Pour s’entraîner à sauver la Terre, la NASA s'apprête à dévier un astéroïde

La mission DART est en route pour tenter de dévier la trajectoire d’un astéroïde inoffensif. La technique à l’œuvre pourrait un jour nous permettre d’éviter un cataclysme.

Publication 25 nov. 2021, 09:50 CET
La sonde DART (à droite) lancée par la NASA va aller perctuer l’astéroïde Dimorphos (à gauche). ...

La sonde DART (à droite) lancée par la NASA va aller perctuer l’astéroïde Dimorphos (à gauche). Le LICIACube, construit par l’Agence spatiale italienne (en bas à droite), sera le seul témoin de cette collision.
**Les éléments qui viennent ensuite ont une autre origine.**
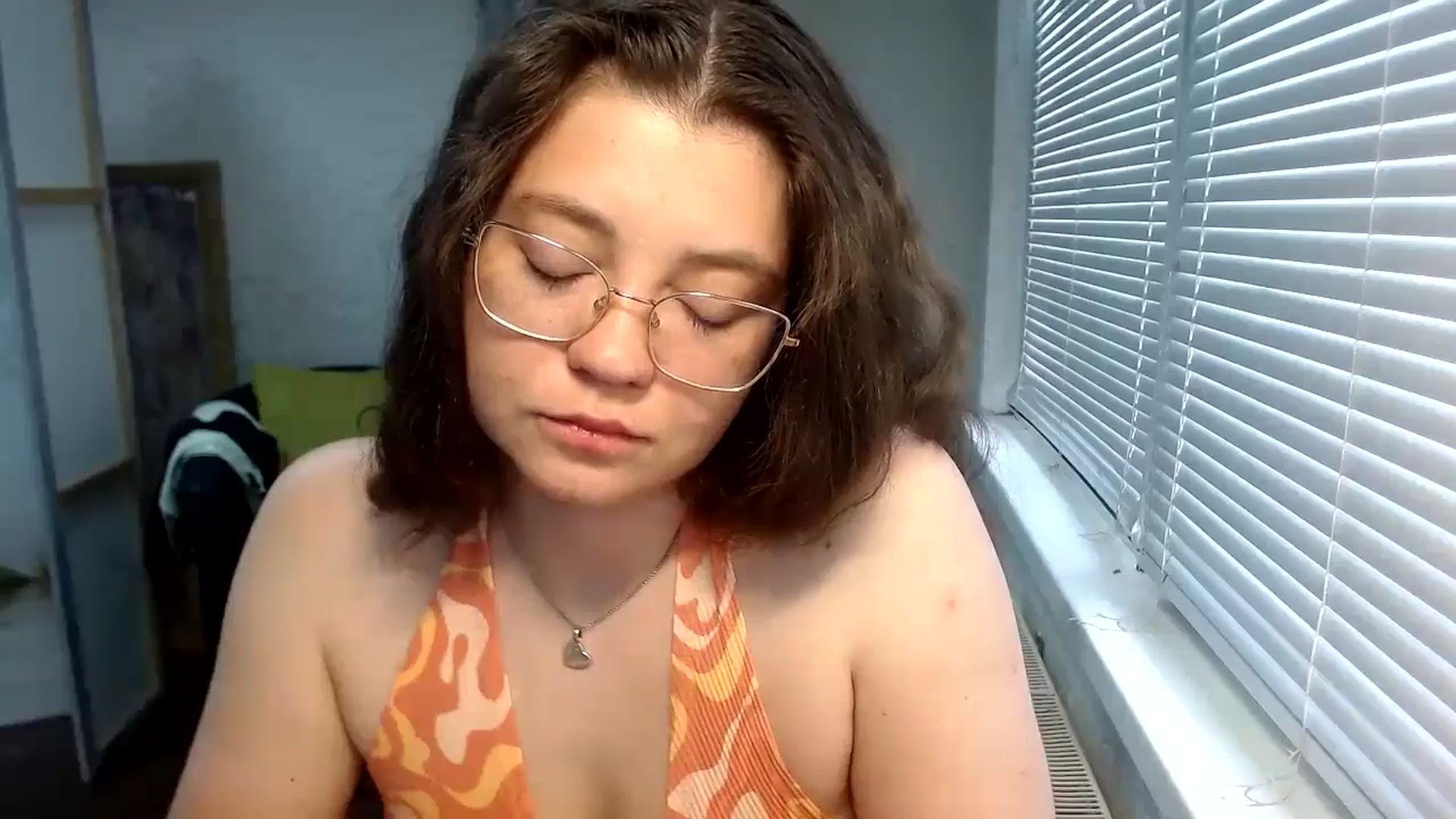 Gallery image thumbnail from SweetArinaA's myfreecams stream on, 05/30/2024, 13:30 image 16 of 20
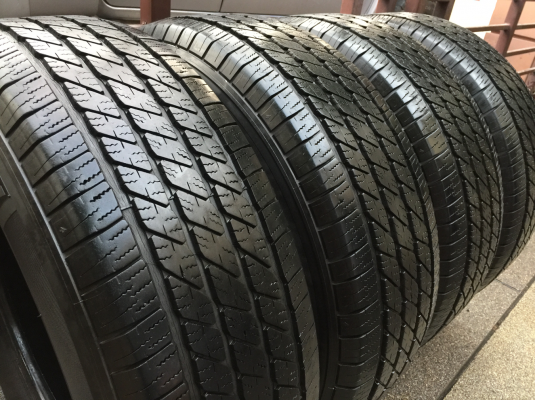 ยาง Michelin 265 65 17 กลางปี13 ดอกเต็ม ไม่มีปะ ราคาไม่แพง ยาง Michelin 265 65 17 กลางปี13 ดอกเต็ม ไม่มีปะ ราคาไม่แพง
L’impact modifiera l’orbite de Dimorphos autour de son grand frère Didymos (en haut à droite).

Photographie de NASA/Johns Hopkins, APL/Steve Gribben

Comme beaucoup d’objets rocheux du Système solaire, la Terre porte les cicatrices d’anciens impacts d’astéroïdes, et plus particulièrement de quelques coquards qui ont façonné l’évolution de la vie elle-même. Il y a environ 66 millions d’années, un astéroïde de près de 10 kilomètres de long a par exemple percuté de plein fouet la péninsule du Yucatán, au Mexique, et provoqué une extinction de masse qui a décimé l’ensemble des dinosaures non aviaires.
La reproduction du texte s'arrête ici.